Task material

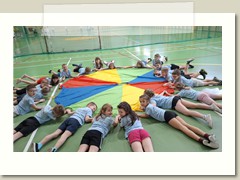 Na hali sportowej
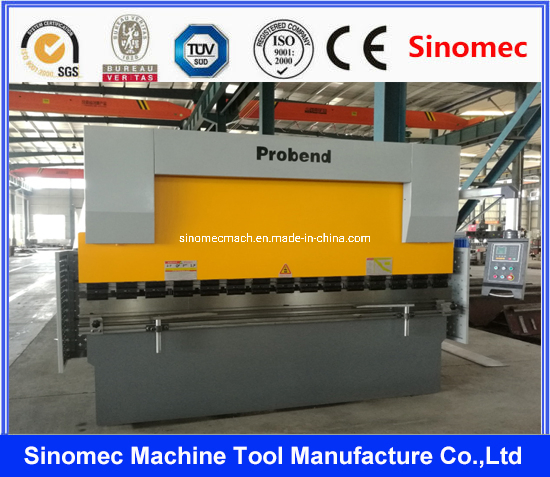 CNC Bending Machine, Plate Press Brake Wc67K-125t/3200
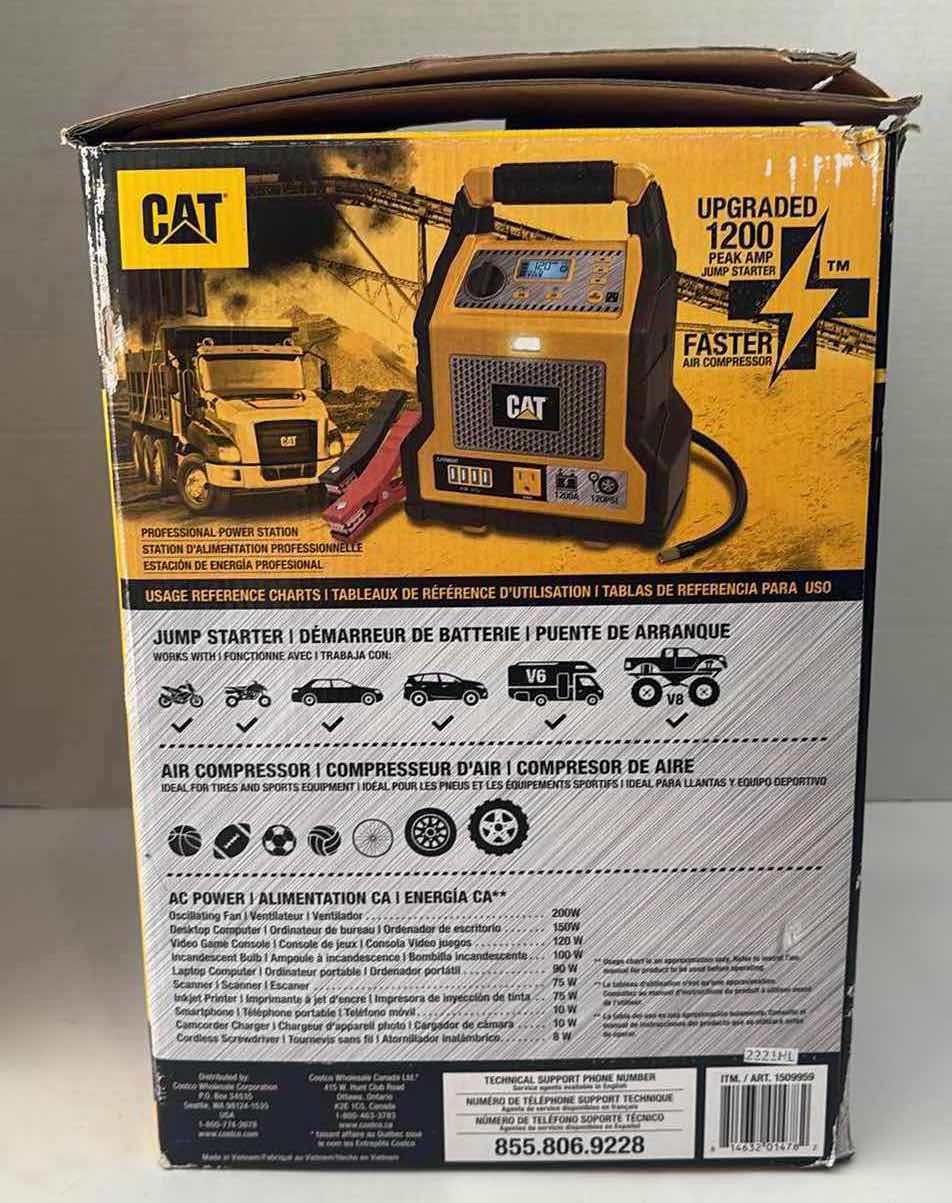 Photo 1 of CAT PROFESSIONAL POWER STATION
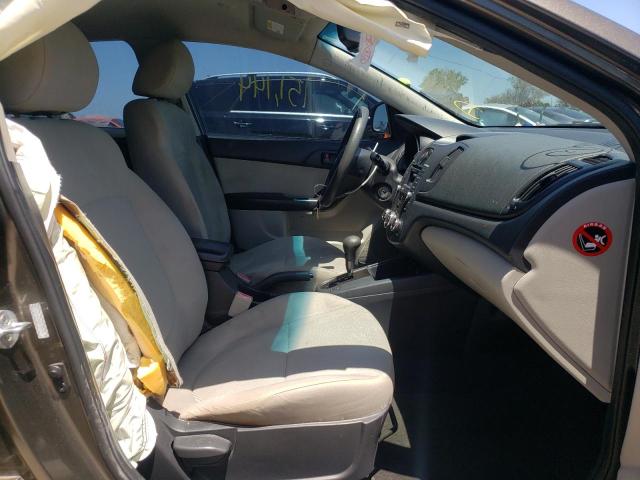 Photo 5 from auction – 2010 KIA FORTE EX with VIN KNAFU4A25A5821022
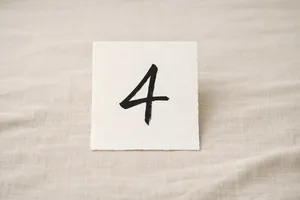 Il numero 4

Exercise prompt
Your answer must be exactly the lines from the one with "Photo 5 from" through the final line of the data, with no pictures in it.

Solved problem
 Photo 5 from auction – 2010 KIA FORTE EX with VIN KNAFU4A25A5821022
 Il numero 4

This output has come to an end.